§ Exercise description:
Pictures appear among the records. Write out all else exactly as it stands.

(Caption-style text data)
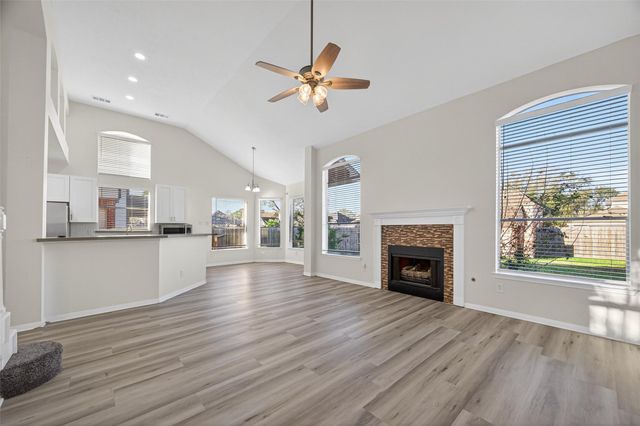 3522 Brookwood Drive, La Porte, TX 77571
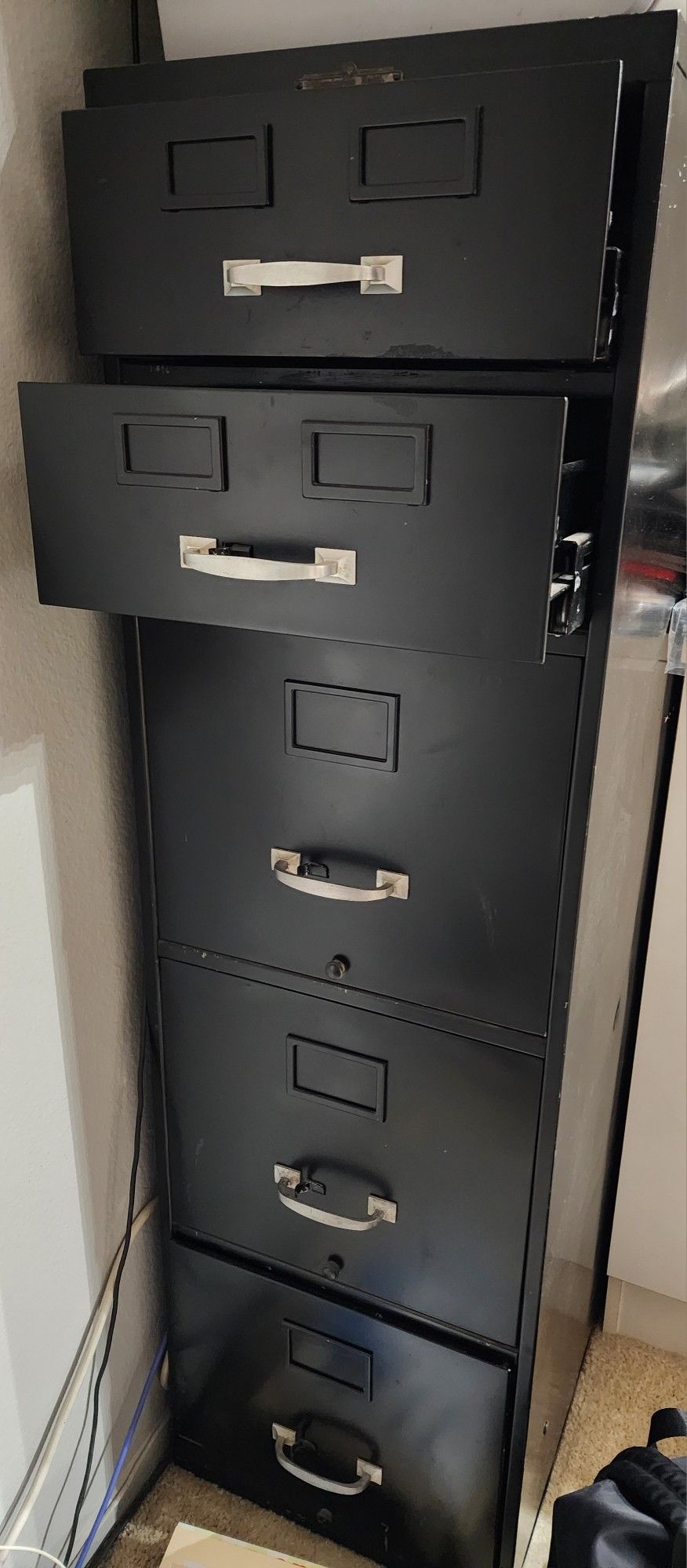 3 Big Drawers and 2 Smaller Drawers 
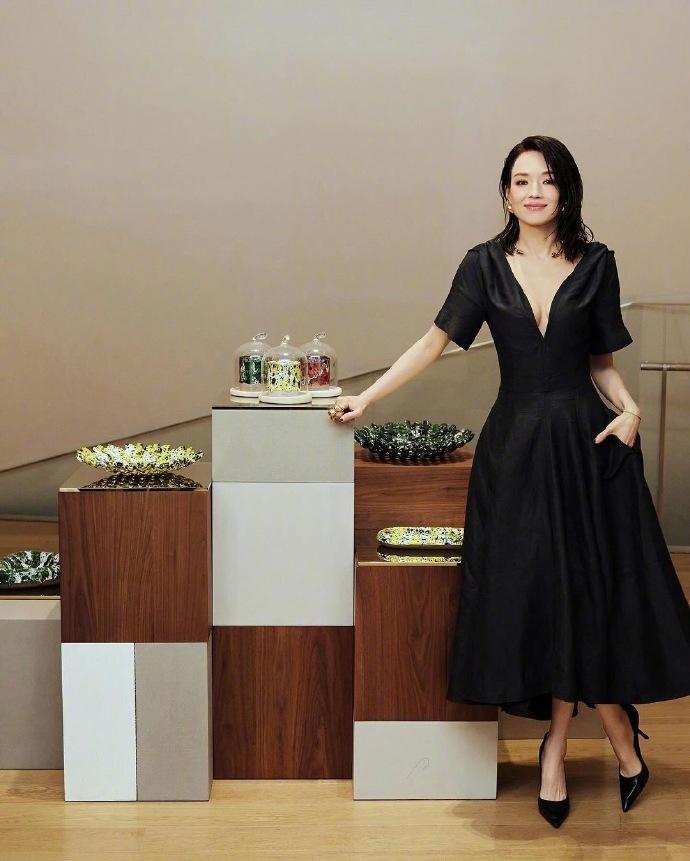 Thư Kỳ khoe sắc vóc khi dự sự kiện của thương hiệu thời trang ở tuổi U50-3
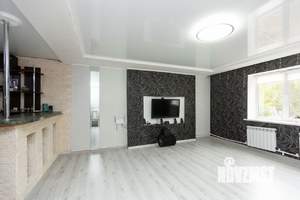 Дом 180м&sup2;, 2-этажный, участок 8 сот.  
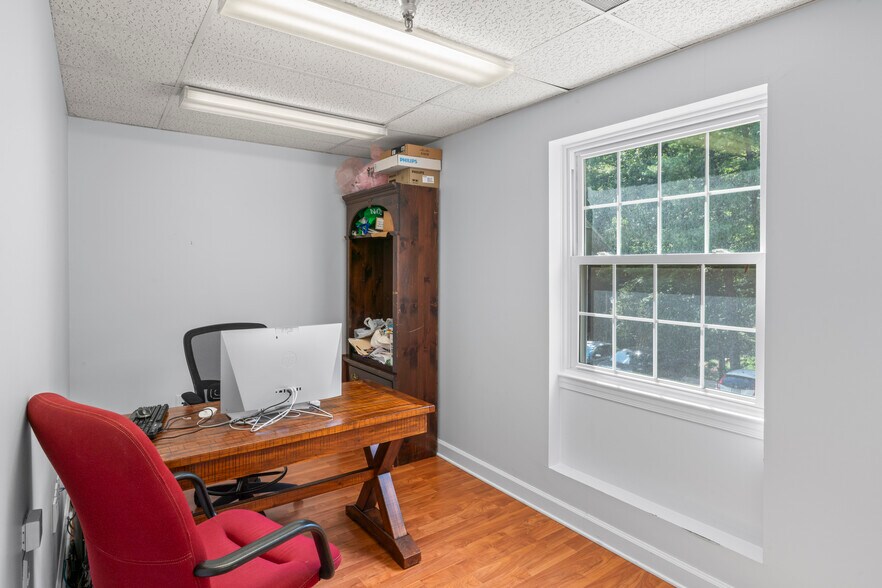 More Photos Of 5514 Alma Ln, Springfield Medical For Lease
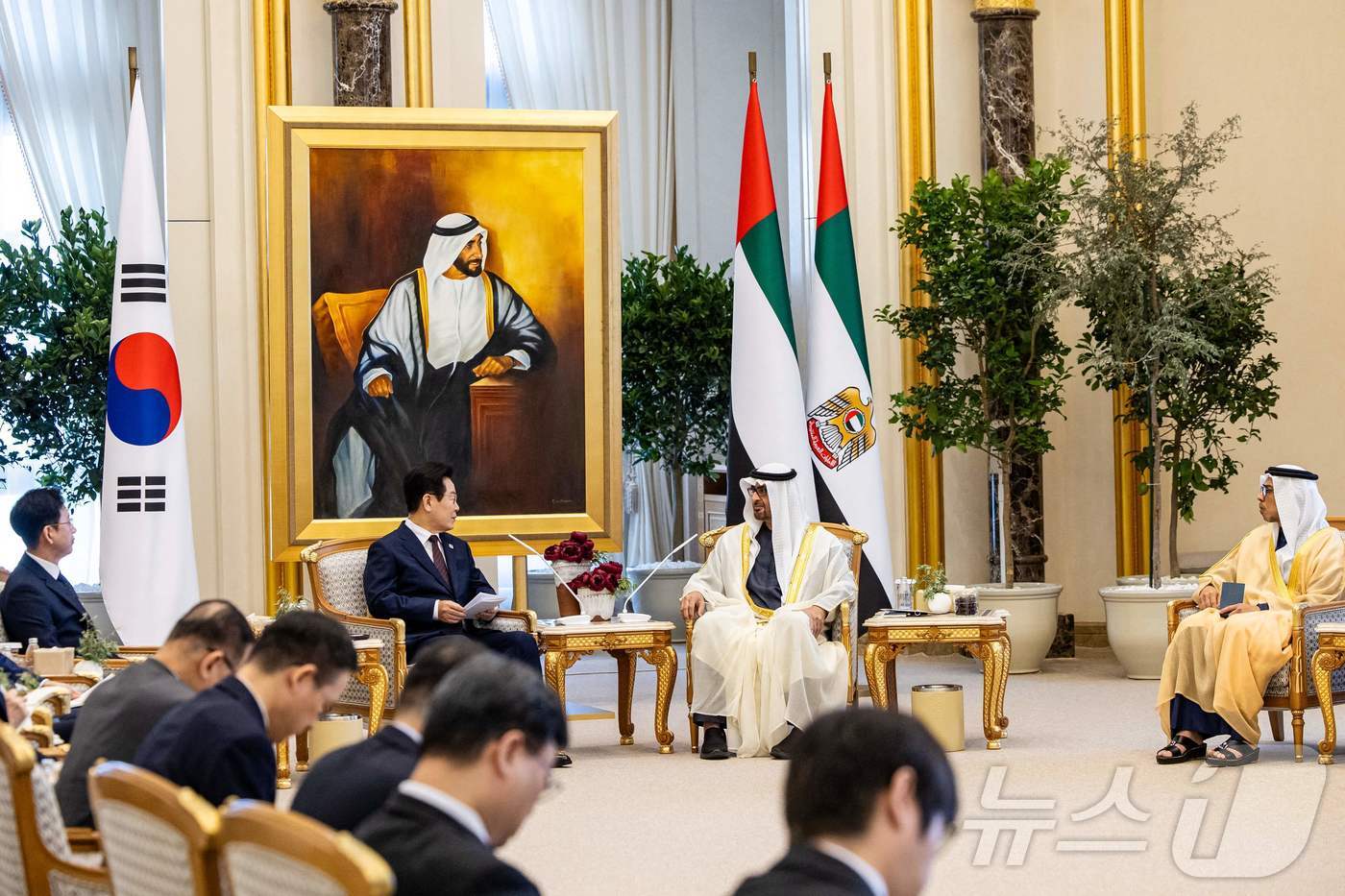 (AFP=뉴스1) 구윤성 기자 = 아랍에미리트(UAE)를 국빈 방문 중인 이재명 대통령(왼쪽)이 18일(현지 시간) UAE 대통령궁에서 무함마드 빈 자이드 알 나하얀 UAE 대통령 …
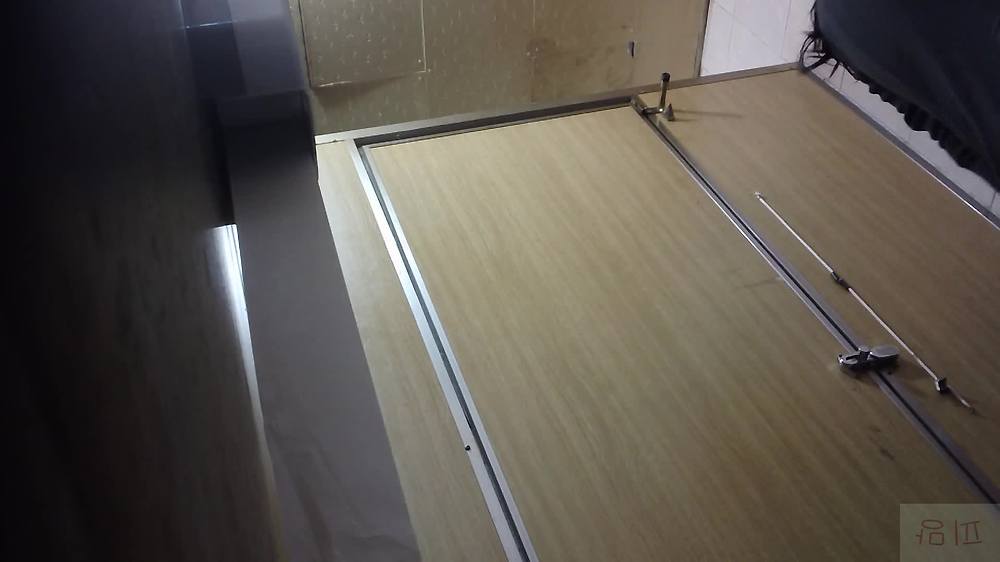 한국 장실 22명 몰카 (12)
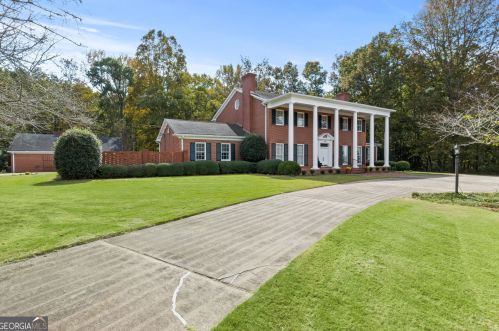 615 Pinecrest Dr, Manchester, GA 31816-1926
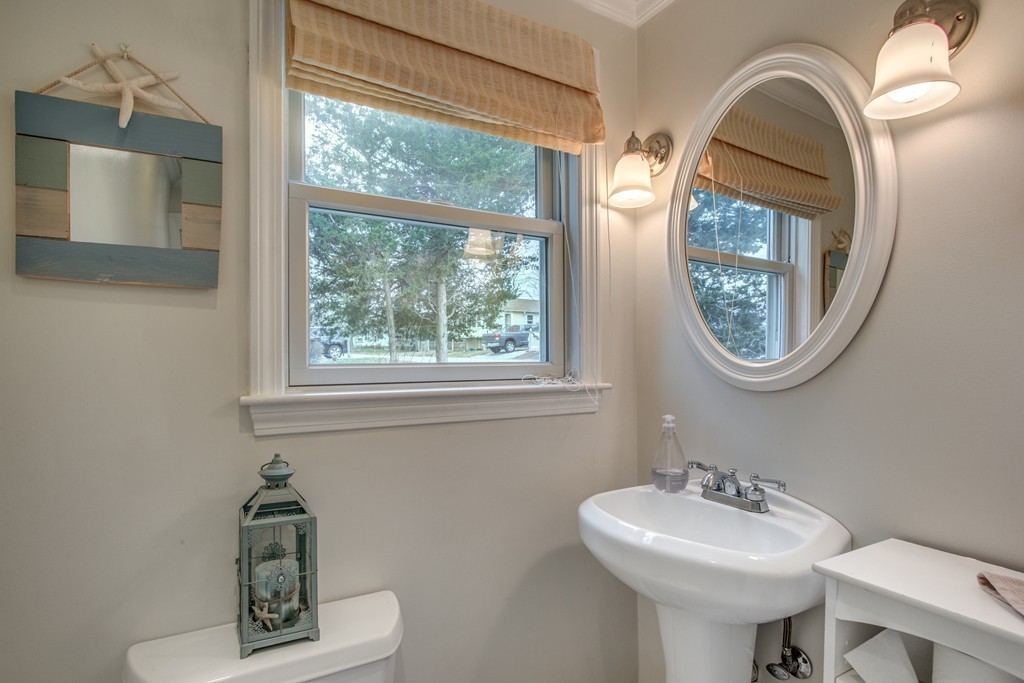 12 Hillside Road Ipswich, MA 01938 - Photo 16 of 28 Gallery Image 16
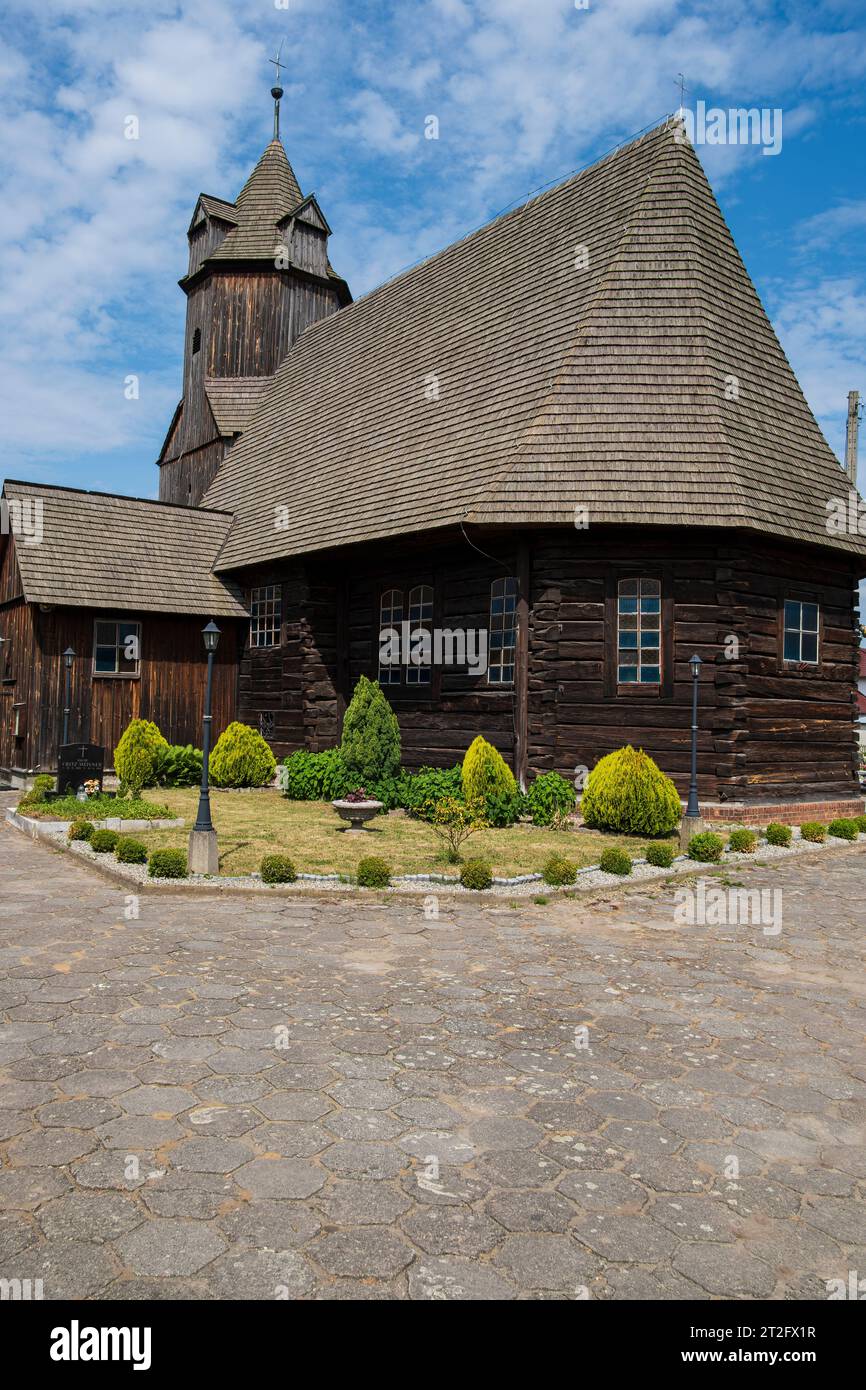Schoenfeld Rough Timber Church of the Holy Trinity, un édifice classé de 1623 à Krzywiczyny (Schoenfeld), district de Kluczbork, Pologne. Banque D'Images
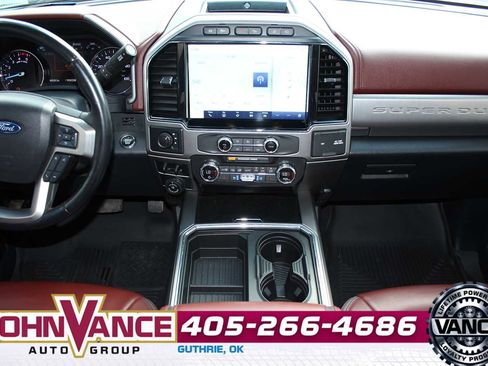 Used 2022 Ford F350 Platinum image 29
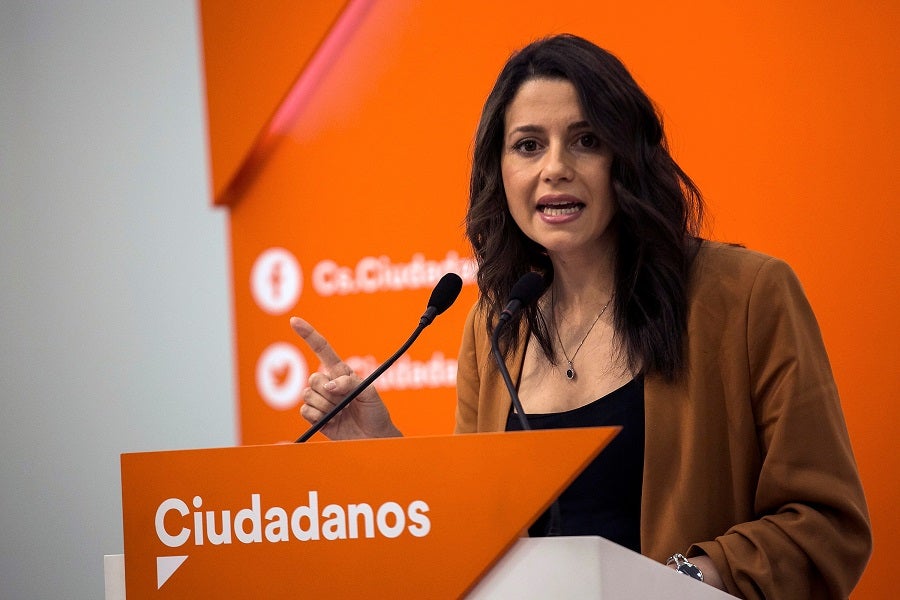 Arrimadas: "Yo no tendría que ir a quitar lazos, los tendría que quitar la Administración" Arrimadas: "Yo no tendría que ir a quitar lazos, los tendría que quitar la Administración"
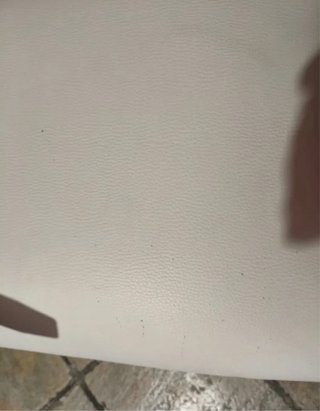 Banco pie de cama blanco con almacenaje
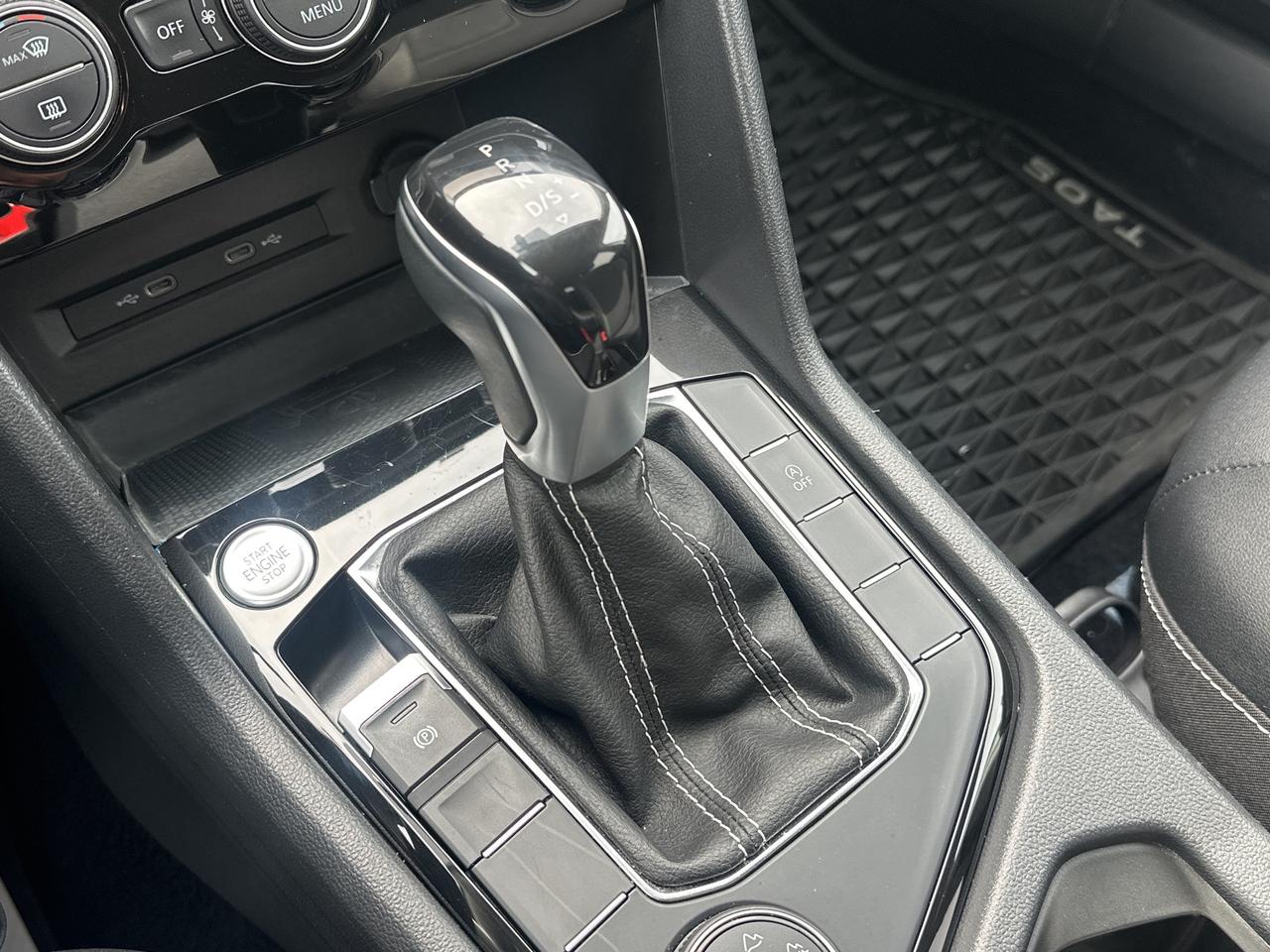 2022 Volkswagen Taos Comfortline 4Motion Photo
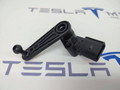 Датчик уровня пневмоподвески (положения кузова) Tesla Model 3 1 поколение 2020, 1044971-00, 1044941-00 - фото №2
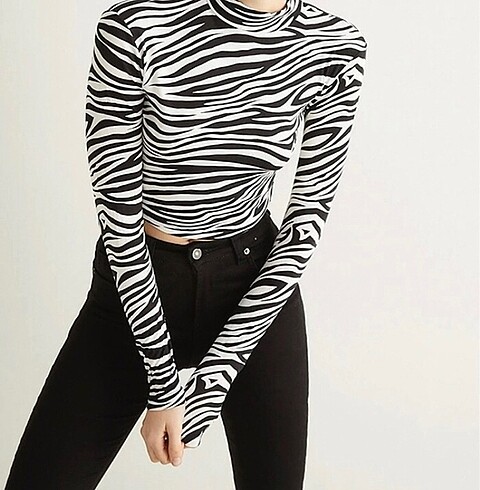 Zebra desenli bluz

§ Solution for this task:
 3522 Brookwood Drive, La Porte, TX 77571
 3 Big Drawers and 2 Smaller Drawers 
 Thư Kỳ khoe sắc vóc khi dự sự kiện của thương hiệu thời trang ở tuổi U50-3
 Дом 180м&sup2;, 2-этажный, участок 8 сот.  
 More Photos Of 5514 Alma Ln, Springfield Medical For Lease
 (AFP=뉴스1) 구윤성 기자 = 아랍에미리트(UAE)를 국빈 방문 중인 이재명 대통령(왼쪽)이 18일(현지 시간) UAE 대통령궁에서 무함마드 빈 자이드 알 나하얀 UAE 대통령 …
 한국 장실 22명 몰카 (12)
 615 Pinecrest Dr, Manchester, GA 31816-1926
 12 Hillside Road Ipswich, MA 01938 - Photo 16 of 28 Gallery Image 16
Schoenfeld Rough Timber Church of the Holy Trinity, un édifice classé de 1623 à Krzywiczyny (Schoenfeld), district de Kluczbork, Pologne. Banque D'Images
 Used 2022 Ford F350 Platinum image 29
 Arrimadas: "Yo no tendría que ir a quitar lazos, los tendría que quitar la Administración" Arrimadas: "Yo no tendría que ir a quitar lazos, los tendría que quitar la Administración"
 Banco pie de cama blanco con almacenaje
 2022 Volkswagen Taos Comfortline 4Motion Photo
 Датчик уровня пневмоподвески (положения кузова) Tesla Model 3 1 поколение 2020, 1044971-00, 1044941-00 - фото №2
 Zebra desenli bluz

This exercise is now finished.